For the nine months ended September 30, 2012, total other operating income of $42.8 million increased by $7.8 million, or 22.4%, from the comparable prior year period. The increase was primarily due to higher gains on sales of residential mortgage loans of $6.7 million, higher rental income from foreclosed properties of $2.8 million, higher investment securities gains of $0.5 million and higher unrealized gains on outstanding interest rate locks of $0.4 million, partially offset by a non-cash loss on the change in fair value of a derivative liability of $1.2 million, lower service charges on deposits accounts of $0.8 million and lower income from bank-owned life insurance of $0.8 million.

Other Operating Expense

Total other operating expense for the third quarter of 2012 was $39.8 million, compared to $48.8 million in the comparable prior year period. The decrease was primarily attributable to a one-time loss on the early extinguishment of debt recorded in the third quarter of 2011 of $6.2 million, lower charitable contributions of $5.0 million, a lower provision for repurchased residential mortgage loans of $2.5 million and an accrual of a $1.2 million settlement of a class action lawsuit recorded in the third quarter of 2011. These decreases were partially offset by higher net credit-related charges (which include write-downs of loans held for sale, foreclosed asset expense, and changes in the reserve for unfunded commitments) of $5.4 million, higher salaries and employee benefits of $1.4 million and higher amortization expense related to our mortgage servicing rights of $1.0 million.

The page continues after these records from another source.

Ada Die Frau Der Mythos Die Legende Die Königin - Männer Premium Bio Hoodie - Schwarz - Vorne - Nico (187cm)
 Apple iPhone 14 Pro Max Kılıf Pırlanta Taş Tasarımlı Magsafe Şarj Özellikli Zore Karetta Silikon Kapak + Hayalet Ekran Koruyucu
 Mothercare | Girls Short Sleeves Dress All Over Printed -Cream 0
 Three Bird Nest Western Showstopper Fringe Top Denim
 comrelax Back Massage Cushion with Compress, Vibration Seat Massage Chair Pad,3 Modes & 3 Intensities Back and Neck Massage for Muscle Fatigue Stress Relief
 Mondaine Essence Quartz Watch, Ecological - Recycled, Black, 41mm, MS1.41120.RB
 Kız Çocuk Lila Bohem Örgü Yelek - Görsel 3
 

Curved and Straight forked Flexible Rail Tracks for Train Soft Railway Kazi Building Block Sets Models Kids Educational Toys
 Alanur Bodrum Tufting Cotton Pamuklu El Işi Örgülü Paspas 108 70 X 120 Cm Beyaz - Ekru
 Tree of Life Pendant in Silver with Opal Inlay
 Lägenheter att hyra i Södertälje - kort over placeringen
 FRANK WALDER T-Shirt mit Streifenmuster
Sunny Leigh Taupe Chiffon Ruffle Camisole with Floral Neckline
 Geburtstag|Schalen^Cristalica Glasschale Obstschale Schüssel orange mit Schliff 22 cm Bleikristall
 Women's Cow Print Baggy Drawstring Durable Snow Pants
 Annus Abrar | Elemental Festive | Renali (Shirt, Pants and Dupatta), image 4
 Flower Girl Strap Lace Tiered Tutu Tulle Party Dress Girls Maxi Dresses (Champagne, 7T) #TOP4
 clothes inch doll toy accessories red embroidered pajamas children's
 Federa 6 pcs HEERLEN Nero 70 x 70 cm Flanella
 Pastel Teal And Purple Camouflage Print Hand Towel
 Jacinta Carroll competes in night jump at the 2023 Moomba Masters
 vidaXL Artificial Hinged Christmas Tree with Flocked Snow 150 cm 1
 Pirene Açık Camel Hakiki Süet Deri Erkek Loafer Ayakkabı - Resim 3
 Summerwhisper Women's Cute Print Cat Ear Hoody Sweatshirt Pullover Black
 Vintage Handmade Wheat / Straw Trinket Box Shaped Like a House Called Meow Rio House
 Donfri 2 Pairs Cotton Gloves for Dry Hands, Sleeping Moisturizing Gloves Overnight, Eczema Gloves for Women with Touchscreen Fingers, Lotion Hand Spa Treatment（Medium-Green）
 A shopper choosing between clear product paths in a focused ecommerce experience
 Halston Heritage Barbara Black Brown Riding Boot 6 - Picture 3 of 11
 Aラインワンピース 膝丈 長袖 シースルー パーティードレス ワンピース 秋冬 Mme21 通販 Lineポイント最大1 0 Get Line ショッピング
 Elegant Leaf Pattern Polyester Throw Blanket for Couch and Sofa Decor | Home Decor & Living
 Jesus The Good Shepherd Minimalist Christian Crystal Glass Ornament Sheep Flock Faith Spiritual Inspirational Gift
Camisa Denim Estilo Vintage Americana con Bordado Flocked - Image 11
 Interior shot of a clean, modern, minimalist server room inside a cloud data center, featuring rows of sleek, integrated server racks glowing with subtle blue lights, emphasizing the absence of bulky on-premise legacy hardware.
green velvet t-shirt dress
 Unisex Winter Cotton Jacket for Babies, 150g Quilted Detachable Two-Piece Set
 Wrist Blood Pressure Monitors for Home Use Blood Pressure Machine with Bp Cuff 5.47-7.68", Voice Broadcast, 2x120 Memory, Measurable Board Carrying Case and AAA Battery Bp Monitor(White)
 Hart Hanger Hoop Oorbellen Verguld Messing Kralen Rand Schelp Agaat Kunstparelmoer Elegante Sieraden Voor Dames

For the nine months ended September 30, 2012, total other operating expense of $114.7 million decreased by $12.3 million, or 9.7%, from the comparable prior year period. The decrease was primarily attributable to the aforementioned loss on the early extinguishment of debt recorded in the third quarter of 2011 of $6.2 million, a lower provision for repurchased residential mortgage loans of $5.5 million, lower charitable contributions of $5.1 million and lower insurance expenses of $2.9 million. These decreases were partially offset by higher salaries and employee benefits of $5.2 million, higher amortization and impairment of other intangible assets of $2.6 million and higher net credit-related charges of $1.1 million.

 
48

 
Income Taxes

We did not recognize any income tax expense in the nine months ended September 30, 2012 or 2011, as we continue to recognize a full valuation allowance against our net DTAs, which was first established in the third quarter of 2009. The establishment of the valuation allowance was primarily based upon our recent net operating losses and the existence of a three-year cumulative loss, which led to our conclusion that it was more likely than not that our DTAs would not be fully realized. In determining the extent of the valuation allowance, management also considered, among other things, carryback/carryforward periods available to us and trends in our historical and projected earnings.

During the nine months ended September 30, 2012, we decreased our valuation allowance against our net DTAs by $14.0 million to $148.3 million at September 30, 2012 from $162.3 million at December 31, 2011. Of the total decrease to the valuation allowance, $11.1 million was recognized as a non-cash credit to income tax expense, while $2.9 million was debited to accumulated other comprehensive income (“AOCI”).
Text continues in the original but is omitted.